Monday, February 29, 2016
Apache Hive Data File Formats
The Apache Hive data file formats:
The below are the most Hive data file formats one can use it for processing variety of data format within Hive and Hadoop ecosystems.
- TEXTFILE
- SEQUENCEFILE
- RCFILE
- ORC
- AVRO
- PARQUET
TEXTFILE
- A simplest data format to use, with whatever delimiters you prefer.
- Also a default format, equivalent to creating a table with the clause STORED AS TEXTFILE.
- Can be shared data with other Hadoop related tools, such as Pig.
- Can also be used within Unix text tools like grep, sed, and awk, etc.
- Also convenient for viewing or editing files manually.
- It is not space efficient compared to binary formats, which offer added other advantages over TEXTFILE other than just the simplicity.
SEQUENCEFILE
- A first alternative to the hive default file format,
- Can be specified using “STORED AS SEQUENCEFILE” clause during table creation.
- Files are in flat files structure consisting of binary key-value pairs.
- In a runtime Hive queries processed into MapReduce jobs, during which records are assigned/generated with the appropriate key-value pairs.

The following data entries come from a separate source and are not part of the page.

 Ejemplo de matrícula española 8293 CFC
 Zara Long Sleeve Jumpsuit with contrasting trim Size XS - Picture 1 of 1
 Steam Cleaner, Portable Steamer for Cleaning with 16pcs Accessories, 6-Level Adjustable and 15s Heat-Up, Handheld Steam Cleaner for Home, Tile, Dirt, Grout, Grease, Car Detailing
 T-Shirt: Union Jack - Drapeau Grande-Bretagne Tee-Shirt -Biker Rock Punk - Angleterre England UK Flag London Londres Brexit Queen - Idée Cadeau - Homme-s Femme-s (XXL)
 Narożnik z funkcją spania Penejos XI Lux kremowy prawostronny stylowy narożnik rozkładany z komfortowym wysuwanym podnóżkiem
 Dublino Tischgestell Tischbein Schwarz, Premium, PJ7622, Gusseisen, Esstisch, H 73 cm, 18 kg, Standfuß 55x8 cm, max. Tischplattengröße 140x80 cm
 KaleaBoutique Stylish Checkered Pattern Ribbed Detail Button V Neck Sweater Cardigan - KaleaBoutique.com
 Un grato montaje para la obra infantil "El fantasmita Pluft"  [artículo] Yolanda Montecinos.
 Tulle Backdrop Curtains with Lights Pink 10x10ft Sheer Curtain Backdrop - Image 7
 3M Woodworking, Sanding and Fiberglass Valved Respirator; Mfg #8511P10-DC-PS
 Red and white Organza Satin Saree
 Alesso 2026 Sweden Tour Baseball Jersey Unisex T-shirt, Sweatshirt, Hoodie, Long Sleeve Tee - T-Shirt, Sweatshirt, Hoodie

- It is a standard format supported by Hadoop itself, thus becomes native or acceptable while sharing files between Hive and other Hadoop-related tools.
- It’s less suitable for use with tools outside the Hadoop ecosystem.
- When needed, the sequence files can be compressed at the block and record level, which is very useful for optimizing disk space utilization and I/O, while still supporting the ability to split files on block for parallel processing.
RCFILE
- RCFile = Record Columnar File
- An efficient internal (binary) hive format and natively supported by Hive.
- Used when Column-oriented organization is a good storage option for certain types of data and applications.
- If data is stored by column instead of by row, then only the data for the desired columns has to be read, this intern improves performance.
- Makes columns compression very efficient, especially for low cardinality columns.
- Also, some column-oriented stores do not physically need to store null columns.
- Helps storing columns of a table in a record columnar way.
- It first partitions rows horizontally into row splits and then it vertically partitions each row split in a columnar way.
- It first stores the metadata of a row split, as the key part of a record, and all the data of a row split as value part.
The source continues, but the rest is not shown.